Located in the Bay of Bourgneuf, the island of Bouin had a population of approximately 2,000 to 2,500 inhabitants at the time. It was separated from the mainland by a watercourse known as the Dain, which was heavily silted and could be crossed on foot at low tide. The only bridge providing access to the island was the wooden Claie bridge, connecting the town of Bouin to Bois-de-Céné. The island was traversed by numerous tidal channels, sluices, canals, and dikes. Movement across these ditches was generally facilitated by wooden planks, which Charette had removed in order to impede the advance of Republican forces. The Vendéan troops constructed several entrenchments along the Dain, as well as two or three amphitheater-shaped artillery batteries, including positions at the Jaunay mill and the Pentecôterie mill. They also possessed substantial provisions.

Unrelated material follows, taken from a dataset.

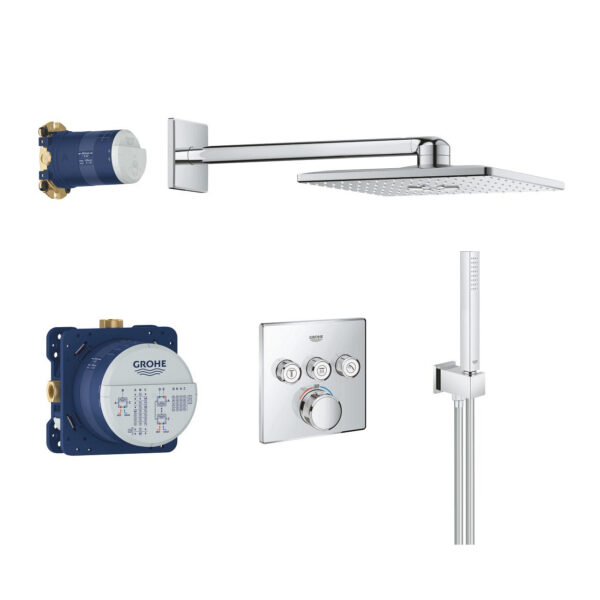 GROHTHERM SMARTCONTROL ΣΕΤ ΕΝΤΟΙΧΙΣΜΟΥ CUBE 34706000 GROHE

On 1 December, Nicolas Haxo and Louis Marie Turreau (known as Dutruy) were at La Garnache, from where they wrote to the Minister of War: “We are at this moment between Challans and Beauvoir; all posts are occupied; the enemy has only eight leagues of marshland left, where we have surrounded him.” The following day, however, Jean-Antoine Rossignol, commander-in-chief of the Army of the West, ordered Haxo to proceed toward Beaupréau with part of his forces in order to support Generals Desmares and Chabot, who were encountering difficulties against the Angevin insurgents led by La Bouëre and Pierre Cathelineau. Haxo complied with the order and conducted an expedition into the department of Maine-et-Loire for three days.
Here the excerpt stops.